De maag , is een intraperitoneaal spijsverteringsorgaan dat zich tussen de slokdarm en de twaalfvingerige darm bevindt.
Het heeft een 'J'-vorm en heeft een kleinere en grotere kromming. De voorste en achterste oppervlakken zijn glad afgerond met een peritoneale bekleding.
In dit artikel zullen we kijken naar de anatomie van de maag – zijn positie, structuur en neurovasculaire toevoer.
De maag ligt in het superieure aspect van de buik.
Het ligt voornamelijk in de epigastrische en navelstreng regio's, de exacte grootte, vorm en positie van de maag kan echter variëren van persoon tot persoon en met positie en ademhaling.
De maag heeft vier anatomische hoofdafdelingen; de cardia, fundus, lichaam en pylorus:
De mediale en laterale randen van de maag zijn gebogen en vormen de kleinere en grotere krommingen:
De anatomische verhoudingen van de maag zijn weergegeven in onderstaande tabel:
Anatomische relatie Structuren Superior Oesofagus en linker koepel van het diafragmaAnterior Diafragma, omentum groter, voorste buikwand, linker leverkwab, galblaas Posterior Kleinere zak, pancreas, linker nier, linker bijnier, milt, miltslagader, mesocolon transversaalEr zijn twee sluitspieren van de maag, die zich bij elke opening bevinden. Ze regelen de doorgang van materiaal dat de maag binnenkomt en verlaat.
De slokdarm gaat door het diafragma door de slokdarmhiatus ter hoogte van T10. Het daalt een korte afstand af naar de inferieure slokdarmsfincter op het T11-niveau die het overgangspunt markeert tussen de slokdarm en de maag (in tegenstelling tot de superieure slokdarmsfincter, die zich in de keelholte bevindt). Het laat voedsel door de hartopening en in de maag gaan en staat niet onder vrijwillige controle.

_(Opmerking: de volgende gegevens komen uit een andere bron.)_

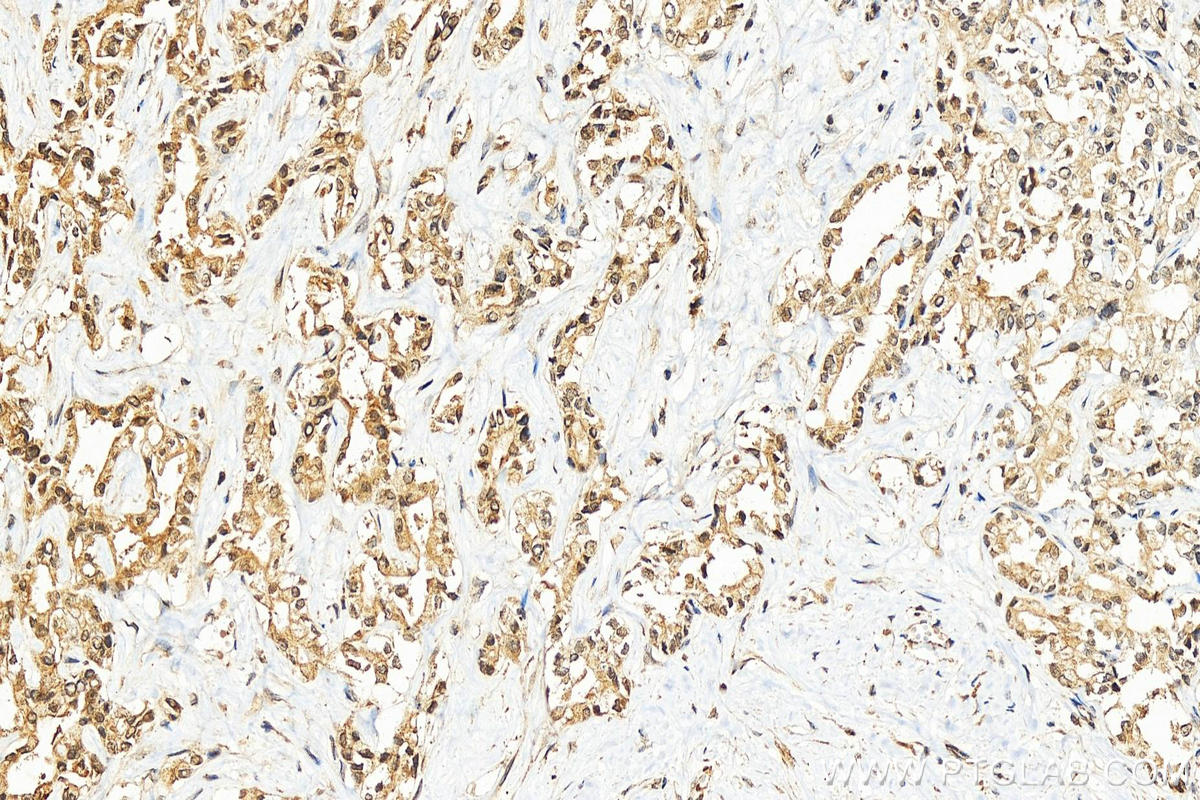 Immunohistochemistry (IHC) staining of human intrahepatic cholangiocarcinoma tissue using TNFSF13 Polyclonal antibody (10680-1-AP)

De pylorische sluitspier ligt tussen de pylorus en het eerste deel van de twaalfvingerige darm . Het regelt het afsluiten van chyme (mengsel van voedsel en maagzuur) uit de maag.

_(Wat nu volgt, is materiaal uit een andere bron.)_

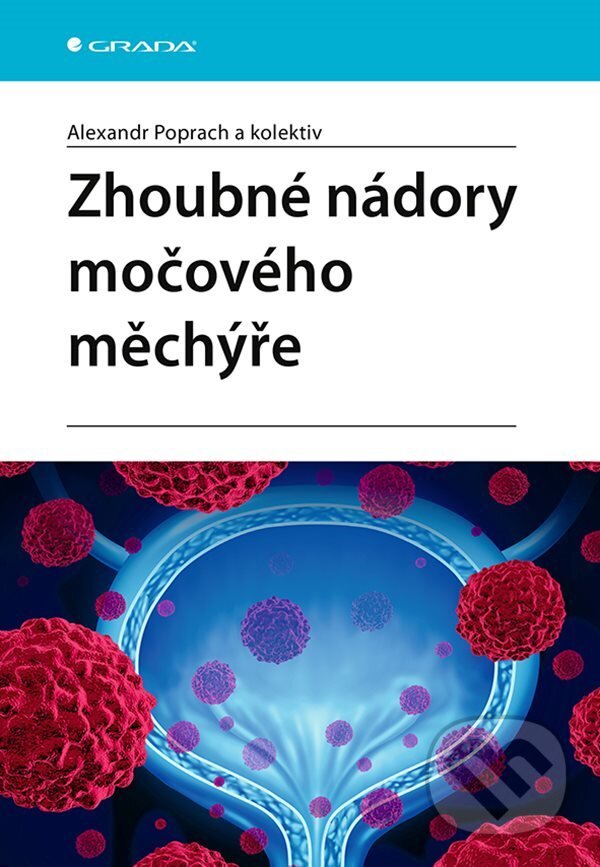 E-kniha: Zhoubné nádory močového měchýře (Alexandr Poprach). Grada, 2021 E-kniha: Zhoubné nádory močového měchýře (Alexandr Poprach). Grada, 2021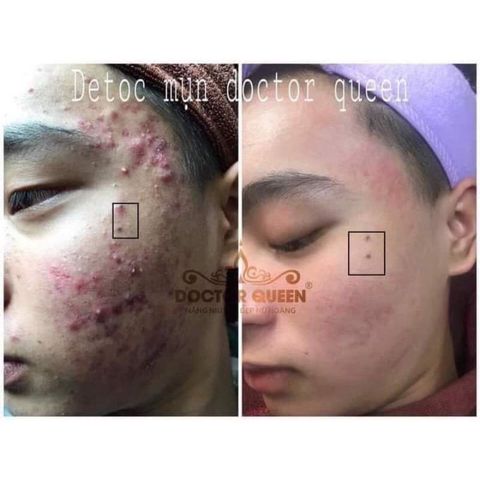Detox hỗ trợ mụn, da không đều màu, sáng trắng da doctor queen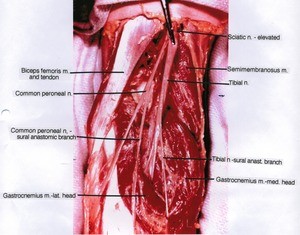 Natural color photograph of left knee, posterior view, showing muscles and the branches of the tibial and common fibular nerves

In tegenstelling tot de onderste slokdarmsfincter is dit een anatomische sluitspier . Het bevat gladde spieren, die samentrekken om de afvoer van maaginhoud door de opening te beperken.
Het ledigen van de maag vindt met tussenpozen plaats wanneer intragastrische druk overwint de weerstand van de pylorus. De pylorus wordt normaal samengetrokken, zodat de opening klein is en voedsel gedurende een geschikte periode in de maag kan blijven. Maagperistaltiek duwt de chymus door het pyloruskanaal in de twaalfvingerige darm voor verdere vertering.
Door TeachMeSeries Ltd (2022)Binnen de buikholte, een dubbellaags membraan genaamd het peritoneum . ondersteunt de meeste buikorganen en helpt bij hun bevestiging aan de buikwand.
De grotere en kleine omenta zijn twee structuren die bestaan uit peritoneum dat over zichzelf is gevouwen (twee lagen peritoneum - vier membraanlagen). Beide omenta hechten zich aan de maag , en zijn nuttige anatomische oriëntatiepunten:
Groter omentum – hangt naar beneden aan de grotere kromming van de maag en vouwt terug op zichzelf waar het hecht aan de transversale dikke darm Het bevat veel lymfeklieren en kan zich hechten aan ontstoken gebieden, speelt daarom een sleutelrol bij de immuniteit van het maagdarmkanaal en het minimaliseren van de verspreiding van intraperitoneale infecties.
Samen verdelen de grotere en kleinere omenta de buikholte in tweeën; de grotere en kleinere zak. De maag ligt direct voor de kleine zak. De grotere en kleinere zakjes communiceren via het epiploïsche foramen , een gat in het onderste omentum.
Door TeachMeSeries Ltd (2022)De arteriële toevoer naar de maag komt van de coeliakie-stam en zijn takken. Anastomosen vormen zich langs de kleinere kromming bij de rechter en linker maagslagaders en langs de grotere kromming rechts en links gastro-omental slagaders:
De aderen van de maag lopen parallel aan de slagaders. De rechter en linker maagaders monden uit in de hepatische poortader . De korte maagader, linker en rechter gastro-omentale aderen monden uiteindelijk uit in de superieure mesenteriale ader.
Door TeachMeSeries Ltd (2022)Innervatie
De maag ontvangt innervatie van het autonome zenuwstelsel:
De gastrische lymfevaten reizen met de slagaders langs de grotere en kleinere krommingen van de maag. Lymfevloeistof loopt weg in de maag en gastro-omentaal lymfeklieren gevonden bij de krommingen.
Efferente lymfevaten van deze knooppunten verbinden met de coeliakie lymfeklieren , gelegen op de achterste buikwand.